- 443 days ago
After lunch we walk to the Museo Santuarios Andinos, where Juanita, the Ice Maiden of Ampato, is kept. Juanita was an Inca maiden, approximately 13 years old, who made the trek from Cusco to the top of the Ampato volcano (20,600 feet) with priests over 500 years ago to be sacrificed to the gods. Her body, mummified in a glacier, was discovered in 1995 by anthropologist Johan Reinhard. She was studied extensively when she was brought down from the volcano, as her body was so well-preserved that her stomach still contained the contents of her last meal! Today she is kept in a clear case in the museum, still frozen for all to see. When the neighboring volcano, Sabancaya, erupted centuries ago, the volcanic ash caused melting at the top of Ampato which exposed Juanita, causing her body to fall a short ways. The fall seriously bruised her face and eyes, giving her a particularly haunting look. While her story is fascinating and the museum well worth visiting, Andrea and I both now wish we had stopped short of viewing her actual body. It somehow seems disrespectful to view her like that. What an incomprehensible (to us) life she led: She was chosen as a young child for sacrifice due to her physical perfection. She was taken from her family to live with the other chosen children in Cusco. It was a tremendous honor to her family that she would be offered up to the gods. She knew her mission in life from a very early age, and yet willingly made the incredible trek to her death. Yet another reason I'm grateful to be a child of the 20th century!
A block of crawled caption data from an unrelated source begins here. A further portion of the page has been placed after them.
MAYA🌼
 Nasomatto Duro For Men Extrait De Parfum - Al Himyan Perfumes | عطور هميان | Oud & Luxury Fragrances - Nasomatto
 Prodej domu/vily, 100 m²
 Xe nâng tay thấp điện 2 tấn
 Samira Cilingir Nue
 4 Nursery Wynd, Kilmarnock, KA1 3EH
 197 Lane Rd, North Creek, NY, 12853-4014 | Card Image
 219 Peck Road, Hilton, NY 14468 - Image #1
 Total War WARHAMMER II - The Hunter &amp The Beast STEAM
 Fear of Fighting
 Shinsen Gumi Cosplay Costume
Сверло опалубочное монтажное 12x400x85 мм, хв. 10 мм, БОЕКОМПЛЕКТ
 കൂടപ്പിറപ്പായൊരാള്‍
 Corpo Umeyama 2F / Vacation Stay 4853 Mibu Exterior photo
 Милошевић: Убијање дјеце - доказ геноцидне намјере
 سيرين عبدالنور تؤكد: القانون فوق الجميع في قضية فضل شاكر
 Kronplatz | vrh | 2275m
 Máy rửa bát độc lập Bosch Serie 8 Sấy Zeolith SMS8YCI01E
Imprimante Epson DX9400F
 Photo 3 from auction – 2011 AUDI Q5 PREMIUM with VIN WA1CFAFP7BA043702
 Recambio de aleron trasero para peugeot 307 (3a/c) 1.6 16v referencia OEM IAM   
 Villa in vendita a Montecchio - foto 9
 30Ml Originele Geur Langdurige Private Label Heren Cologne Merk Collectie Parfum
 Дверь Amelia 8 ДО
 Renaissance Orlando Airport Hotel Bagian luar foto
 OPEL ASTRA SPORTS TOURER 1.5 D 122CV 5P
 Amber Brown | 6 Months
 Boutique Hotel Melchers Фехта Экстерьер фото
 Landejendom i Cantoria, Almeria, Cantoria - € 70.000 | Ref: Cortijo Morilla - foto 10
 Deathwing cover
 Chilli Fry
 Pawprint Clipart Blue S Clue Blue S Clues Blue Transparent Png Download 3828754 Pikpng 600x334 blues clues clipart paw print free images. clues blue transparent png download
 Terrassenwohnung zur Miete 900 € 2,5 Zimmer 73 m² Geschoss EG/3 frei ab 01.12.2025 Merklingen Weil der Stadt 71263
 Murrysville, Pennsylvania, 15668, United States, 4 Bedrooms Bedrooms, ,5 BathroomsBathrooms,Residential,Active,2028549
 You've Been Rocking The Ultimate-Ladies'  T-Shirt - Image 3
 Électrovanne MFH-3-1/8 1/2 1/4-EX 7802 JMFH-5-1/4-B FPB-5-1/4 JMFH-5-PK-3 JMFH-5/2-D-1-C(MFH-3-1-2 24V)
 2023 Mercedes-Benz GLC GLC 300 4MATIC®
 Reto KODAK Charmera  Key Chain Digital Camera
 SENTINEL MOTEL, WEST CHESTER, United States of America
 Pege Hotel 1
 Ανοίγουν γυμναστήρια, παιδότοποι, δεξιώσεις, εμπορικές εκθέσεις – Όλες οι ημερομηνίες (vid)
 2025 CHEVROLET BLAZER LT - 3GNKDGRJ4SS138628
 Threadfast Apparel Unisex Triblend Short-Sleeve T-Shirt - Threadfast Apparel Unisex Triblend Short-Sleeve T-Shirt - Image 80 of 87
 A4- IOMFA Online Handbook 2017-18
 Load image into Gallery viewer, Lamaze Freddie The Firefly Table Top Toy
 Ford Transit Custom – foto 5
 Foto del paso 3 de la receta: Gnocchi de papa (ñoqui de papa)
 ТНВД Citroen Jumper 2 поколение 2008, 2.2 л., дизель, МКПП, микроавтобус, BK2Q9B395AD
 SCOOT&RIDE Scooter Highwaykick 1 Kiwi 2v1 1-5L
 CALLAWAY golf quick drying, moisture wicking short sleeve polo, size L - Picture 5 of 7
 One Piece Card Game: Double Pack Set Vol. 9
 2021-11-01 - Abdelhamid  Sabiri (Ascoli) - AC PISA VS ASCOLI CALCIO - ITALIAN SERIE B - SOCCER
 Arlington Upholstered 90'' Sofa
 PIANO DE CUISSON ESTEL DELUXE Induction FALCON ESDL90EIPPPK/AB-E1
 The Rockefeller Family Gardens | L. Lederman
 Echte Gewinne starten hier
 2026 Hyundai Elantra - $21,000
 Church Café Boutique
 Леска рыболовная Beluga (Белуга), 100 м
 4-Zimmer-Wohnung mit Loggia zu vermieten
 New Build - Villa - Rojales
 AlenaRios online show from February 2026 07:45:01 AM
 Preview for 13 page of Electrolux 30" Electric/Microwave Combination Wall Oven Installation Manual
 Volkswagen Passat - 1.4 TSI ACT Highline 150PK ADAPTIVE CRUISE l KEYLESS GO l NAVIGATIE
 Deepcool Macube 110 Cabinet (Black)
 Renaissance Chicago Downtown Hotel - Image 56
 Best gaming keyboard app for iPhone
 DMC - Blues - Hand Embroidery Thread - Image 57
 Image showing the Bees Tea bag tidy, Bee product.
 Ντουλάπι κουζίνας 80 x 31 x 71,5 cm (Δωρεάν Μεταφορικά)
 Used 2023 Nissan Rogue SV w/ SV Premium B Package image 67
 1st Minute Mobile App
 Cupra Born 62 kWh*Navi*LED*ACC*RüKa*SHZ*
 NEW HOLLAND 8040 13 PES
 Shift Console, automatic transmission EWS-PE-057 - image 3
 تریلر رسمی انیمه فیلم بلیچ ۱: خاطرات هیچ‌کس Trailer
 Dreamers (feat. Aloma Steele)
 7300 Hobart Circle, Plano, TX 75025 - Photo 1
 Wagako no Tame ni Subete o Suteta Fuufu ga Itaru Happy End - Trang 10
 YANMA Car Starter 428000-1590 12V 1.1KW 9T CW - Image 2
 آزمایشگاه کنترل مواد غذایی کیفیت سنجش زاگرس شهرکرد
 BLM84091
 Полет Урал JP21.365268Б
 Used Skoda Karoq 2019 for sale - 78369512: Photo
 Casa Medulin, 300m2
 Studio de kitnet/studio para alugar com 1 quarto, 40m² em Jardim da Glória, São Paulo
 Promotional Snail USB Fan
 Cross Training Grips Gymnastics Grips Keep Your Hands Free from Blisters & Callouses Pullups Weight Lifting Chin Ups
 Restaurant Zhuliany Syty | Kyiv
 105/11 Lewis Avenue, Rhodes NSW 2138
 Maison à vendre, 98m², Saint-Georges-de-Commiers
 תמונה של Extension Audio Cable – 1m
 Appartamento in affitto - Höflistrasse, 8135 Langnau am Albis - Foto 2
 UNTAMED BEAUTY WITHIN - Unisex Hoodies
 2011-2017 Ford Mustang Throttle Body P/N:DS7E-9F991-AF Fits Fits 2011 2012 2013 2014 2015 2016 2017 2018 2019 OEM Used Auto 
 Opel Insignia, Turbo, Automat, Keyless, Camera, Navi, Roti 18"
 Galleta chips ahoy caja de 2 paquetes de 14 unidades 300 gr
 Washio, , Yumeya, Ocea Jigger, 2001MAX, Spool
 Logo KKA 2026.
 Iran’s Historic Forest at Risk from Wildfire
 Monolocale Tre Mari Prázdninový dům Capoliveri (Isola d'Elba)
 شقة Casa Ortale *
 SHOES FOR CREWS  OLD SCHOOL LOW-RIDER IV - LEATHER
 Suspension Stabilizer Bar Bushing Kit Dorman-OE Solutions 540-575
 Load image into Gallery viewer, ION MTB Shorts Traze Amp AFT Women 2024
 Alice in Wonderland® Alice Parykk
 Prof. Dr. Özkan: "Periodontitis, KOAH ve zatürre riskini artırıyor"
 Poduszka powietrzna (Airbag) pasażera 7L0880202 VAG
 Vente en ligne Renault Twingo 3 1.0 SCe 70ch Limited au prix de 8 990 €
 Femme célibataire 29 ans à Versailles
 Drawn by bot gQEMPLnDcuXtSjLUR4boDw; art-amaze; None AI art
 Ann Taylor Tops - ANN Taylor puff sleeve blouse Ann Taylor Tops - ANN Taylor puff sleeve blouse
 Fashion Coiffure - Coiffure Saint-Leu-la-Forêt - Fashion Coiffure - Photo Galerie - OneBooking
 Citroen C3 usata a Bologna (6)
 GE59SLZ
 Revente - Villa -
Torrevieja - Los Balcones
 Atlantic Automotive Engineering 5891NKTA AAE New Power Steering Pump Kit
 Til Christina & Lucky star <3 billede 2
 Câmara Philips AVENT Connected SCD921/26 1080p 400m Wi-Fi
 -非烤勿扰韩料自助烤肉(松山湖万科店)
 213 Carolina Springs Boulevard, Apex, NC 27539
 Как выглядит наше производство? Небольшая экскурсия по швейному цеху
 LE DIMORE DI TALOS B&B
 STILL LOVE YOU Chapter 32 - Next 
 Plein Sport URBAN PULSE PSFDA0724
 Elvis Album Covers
After our visit to see Juanita, we visit the Plaza de Armas, or city square. We walk around the square a bit with the many locals out enjoying this beautiful day. We stop to take pictures of an active 17th century Jesuit church, La Compania, and then walk to the nearby cloisters where there are several shops selling alpaca woolen goods. We continue our walk to the Monasterio de Santa Catalina. It is a convent founded in 1579 which is its own stand-alone village where more than 200 nuns once lived and approximately 30 still do. It's a labyrinth of chapels, private quarters, kitchens and art galleries. We opt not to take the guided tour but instead wander through it at our own pace. I find it peaceful, serene and incredibly beautiful. The walls of the structures are painted bright blue and burnt orange, and there are pots of flowers everywhere. Because the nuns originally came from Spain, Santa Catalina looks very much like a Spanish village. And the brilliant blue, sunny sky lends itself to some gorgeous photographs.
It's about 5:30 by the time we finish at the Monastery, and we are exhausted. We walk back to the hotel, freshen up, and decide to find Zigzag for dinner. This time we do, and have a meal of Peruvian beef (MUCH better than Argentinean beef, according to our waiter!). It's served with different dipping sauces and quinoa on the side. After dinner we walk back to the hotel and turn in early. It's been a busy day!